Europe is an obvious choice for property investors because of its proximity to the UK.
Spain, France, Italy and Ireland are all popular countries to buy either a buy-to-let property or holiday accommodation.
Peter Esders, director at international legal services company Judicare Group, warns that the total cost of buying in Spain is higher than in the UK. “As a rough rule of thumb, you should budget for something in the region of 10% to 11% of the value of the property although the costs vary across the country. This should cover all legal fees, notary fees, taxes and so on,” he says.
How much tax you’ll pay when you buy a property in Spain depends on whether it’s a resale or new-build. On resale properties, the buyer pays transfer tax (impuesto sobre las transmisiones patrimonilaes or ITP) at between 8% and 10% depending on the value and area.
New properties are subject to the Spanish version of VAT, called IVA, which is payable when the developer or builder sells the property to an investor or owner. The rate is 10% for residential properties and 21% for plots of land or commercial premises. Stamp duty at 1.2% is payable, where IVA is paid.
Income tax in Spain varies from region to region, depends on income, how it is earned (that is, whether it is rental income or from a job) and whether the individual is a resident or a non-resident for tax purposes. You’re likely to be considered a resident in Spain if you spend 183 days or more a year there.
The Spanish tax regime is fairly complicated, so buyers should consult a tax specialist to determine their personal situation.
According to Rightmove, France is the second most popular destination for Britons buying property abroad, and six out of 10 foreigners who buy French property are British.
Generally speaking, most properties in France are considerably cheaper than the UK and there are no restrictions on Britons buying property.
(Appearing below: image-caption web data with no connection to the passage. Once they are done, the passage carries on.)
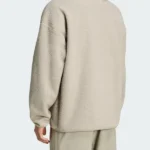 City Tech 3 Stripes High Pile Fleece Jacket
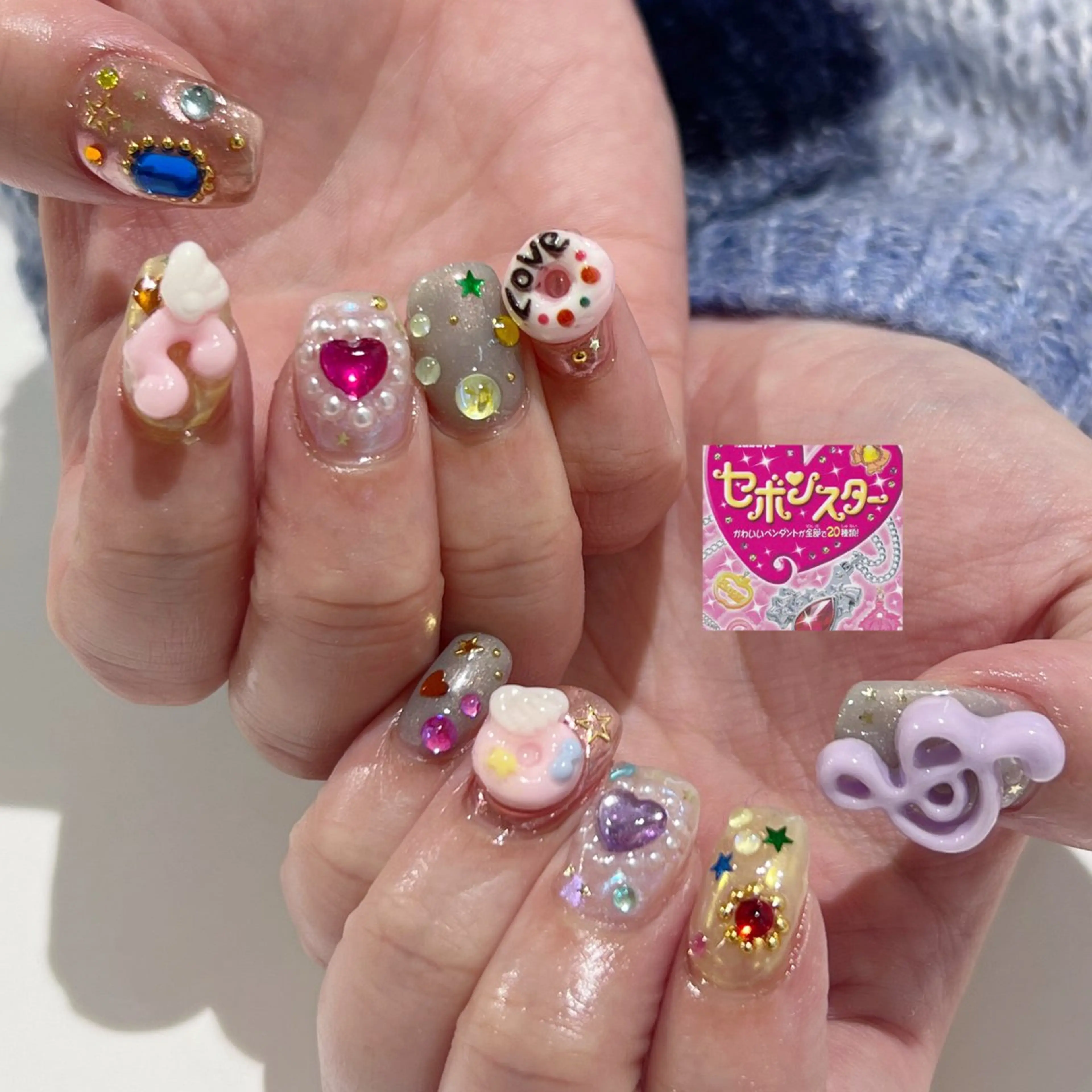 ネイル ハンドネイル Hikari 🌺のネイルデザイン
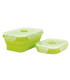copy of copy of copy of copy of copy of Cesta/cubo plegable con tapa y escotilla 13L 39,5x26cm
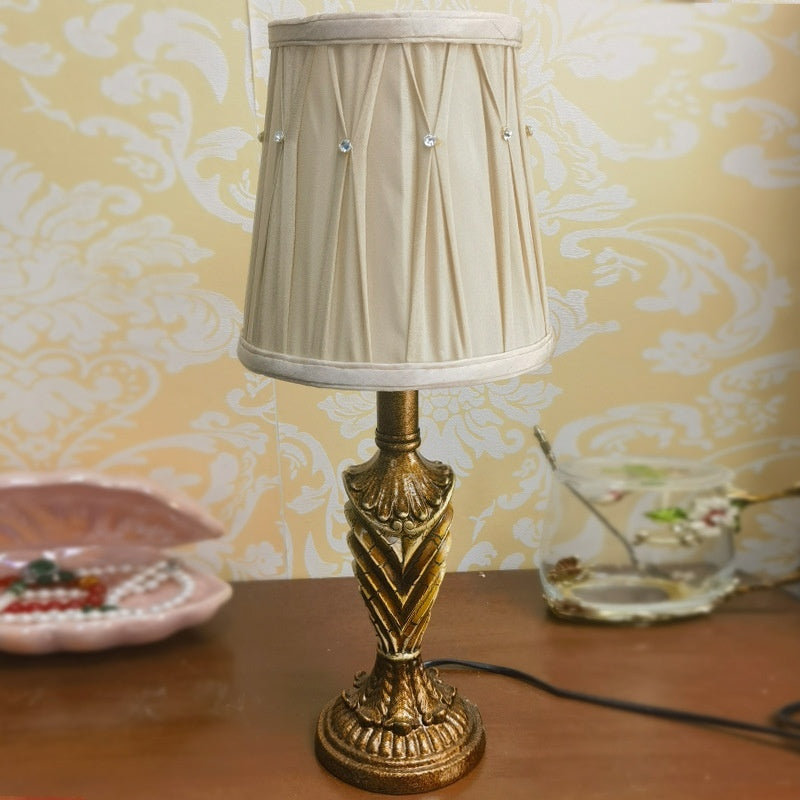 Bedroom Romantic Retro Desk Court Country Classical Study Lamp 0 - Tophatter Daily Deals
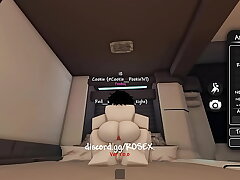 Slutty Femboy being Fucked by a factual Man in roblox. asian old age joyful sex videos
On average, you should expect to pay between 7% and 8% of your property’s value in fees and taxes (normally referred to as notary fees). These fees are set by the French government and worked out on a sliding scale, depending on the price of the property.
The fees include property transfer tax, which is similar to stamp duty and ranges from 4% to 5%. Notaire (solicitor) fees can range from 1% to 3% of the property’s value, plus land registration certificates will come to about 0.5% of the purchase price.
VAT is payable on the price of a new-build, usually at 19.6%. On the plus side, property transfer tax is lower on new homes.
If you plan to rent out a property in France to long-term tenants, you can gain tax advantages by registering as a professional landlord. How you’ll be taxed depends on whether the property is furnished or unfurnished and it’s best to consult a tax specialist.
Tenants have strong security of tenure, so make the necessary checks when choosing them.
House prices are falling in Italy, down about 20% from 2008, according to the Global Property Guide (Globalpropertyguide.com).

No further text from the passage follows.